* [REQUIREMENT] Go through the records line by line. Report how many lines contain "Apartment", with nothing else.

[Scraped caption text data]
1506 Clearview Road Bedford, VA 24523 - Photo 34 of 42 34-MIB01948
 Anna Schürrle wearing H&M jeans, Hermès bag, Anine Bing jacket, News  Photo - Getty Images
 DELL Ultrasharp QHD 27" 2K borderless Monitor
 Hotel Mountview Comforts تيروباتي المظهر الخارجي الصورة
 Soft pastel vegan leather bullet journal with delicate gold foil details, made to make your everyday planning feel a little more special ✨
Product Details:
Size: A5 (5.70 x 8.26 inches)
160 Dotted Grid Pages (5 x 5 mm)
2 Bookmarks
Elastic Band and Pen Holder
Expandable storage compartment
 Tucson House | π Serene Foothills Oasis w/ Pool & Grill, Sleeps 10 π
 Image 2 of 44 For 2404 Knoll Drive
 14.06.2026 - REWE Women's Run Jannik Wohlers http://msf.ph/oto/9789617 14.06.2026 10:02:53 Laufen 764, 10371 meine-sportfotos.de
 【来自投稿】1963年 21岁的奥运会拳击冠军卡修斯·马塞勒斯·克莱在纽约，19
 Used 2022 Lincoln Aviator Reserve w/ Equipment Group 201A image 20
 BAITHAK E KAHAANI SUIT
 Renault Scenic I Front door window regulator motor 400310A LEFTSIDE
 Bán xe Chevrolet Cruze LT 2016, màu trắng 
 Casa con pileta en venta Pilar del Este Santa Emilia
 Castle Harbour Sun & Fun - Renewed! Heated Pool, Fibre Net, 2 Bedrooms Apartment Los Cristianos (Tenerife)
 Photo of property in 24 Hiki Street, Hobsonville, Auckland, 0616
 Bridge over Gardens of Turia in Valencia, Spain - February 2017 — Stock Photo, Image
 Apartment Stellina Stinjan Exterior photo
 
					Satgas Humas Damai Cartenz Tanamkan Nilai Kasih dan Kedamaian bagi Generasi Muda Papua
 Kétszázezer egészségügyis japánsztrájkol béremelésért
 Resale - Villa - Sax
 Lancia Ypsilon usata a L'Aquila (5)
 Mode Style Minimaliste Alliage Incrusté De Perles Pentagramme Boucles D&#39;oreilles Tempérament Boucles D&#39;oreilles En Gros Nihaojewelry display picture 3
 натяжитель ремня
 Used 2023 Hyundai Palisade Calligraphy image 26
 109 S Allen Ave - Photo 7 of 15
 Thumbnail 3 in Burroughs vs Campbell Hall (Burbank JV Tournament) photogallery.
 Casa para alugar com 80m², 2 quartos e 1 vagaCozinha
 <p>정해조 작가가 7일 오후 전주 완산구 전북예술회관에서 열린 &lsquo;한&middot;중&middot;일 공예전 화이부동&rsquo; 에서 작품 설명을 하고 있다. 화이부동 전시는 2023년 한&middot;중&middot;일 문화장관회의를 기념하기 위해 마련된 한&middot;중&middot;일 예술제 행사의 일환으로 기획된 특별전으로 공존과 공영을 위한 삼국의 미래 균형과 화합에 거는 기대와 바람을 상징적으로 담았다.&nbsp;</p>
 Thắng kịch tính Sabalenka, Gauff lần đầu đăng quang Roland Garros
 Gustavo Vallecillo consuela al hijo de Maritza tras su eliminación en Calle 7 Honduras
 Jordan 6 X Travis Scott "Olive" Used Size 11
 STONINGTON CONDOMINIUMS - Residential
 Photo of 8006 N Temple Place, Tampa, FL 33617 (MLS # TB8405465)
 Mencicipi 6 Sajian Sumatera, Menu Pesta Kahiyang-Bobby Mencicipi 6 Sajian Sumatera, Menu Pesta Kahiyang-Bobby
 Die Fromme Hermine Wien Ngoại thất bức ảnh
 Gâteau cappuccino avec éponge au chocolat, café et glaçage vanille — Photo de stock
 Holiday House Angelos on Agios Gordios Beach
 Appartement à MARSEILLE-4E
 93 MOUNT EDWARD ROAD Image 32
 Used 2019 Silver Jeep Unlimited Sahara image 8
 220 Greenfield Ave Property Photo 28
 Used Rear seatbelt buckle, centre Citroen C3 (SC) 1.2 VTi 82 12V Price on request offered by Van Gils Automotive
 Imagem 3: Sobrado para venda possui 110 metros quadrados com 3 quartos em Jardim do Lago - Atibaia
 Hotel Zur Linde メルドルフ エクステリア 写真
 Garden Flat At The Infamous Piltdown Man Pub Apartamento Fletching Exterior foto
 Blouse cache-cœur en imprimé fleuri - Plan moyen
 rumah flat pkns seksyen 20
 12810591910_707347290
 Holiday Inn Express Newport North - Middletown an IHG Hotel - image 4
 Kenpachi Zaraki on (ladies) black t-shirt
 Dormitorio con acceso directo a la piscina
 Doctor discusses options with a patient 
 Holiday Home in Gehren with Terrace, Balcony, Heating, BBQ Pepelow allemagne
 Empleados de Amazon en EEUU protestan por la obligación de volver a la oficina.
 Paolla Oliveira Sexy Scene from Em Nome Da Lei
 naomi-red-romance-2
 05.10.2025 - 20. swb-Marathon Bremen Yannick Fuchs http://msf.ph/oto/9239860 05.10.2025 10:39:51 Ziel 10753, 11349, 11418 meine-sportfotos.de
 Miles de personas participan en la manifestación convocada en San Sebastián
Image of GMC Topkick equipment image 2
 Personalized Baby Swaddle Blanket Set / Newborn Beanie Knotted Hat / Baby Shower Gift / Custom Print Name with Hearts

* [RESPONSE] 2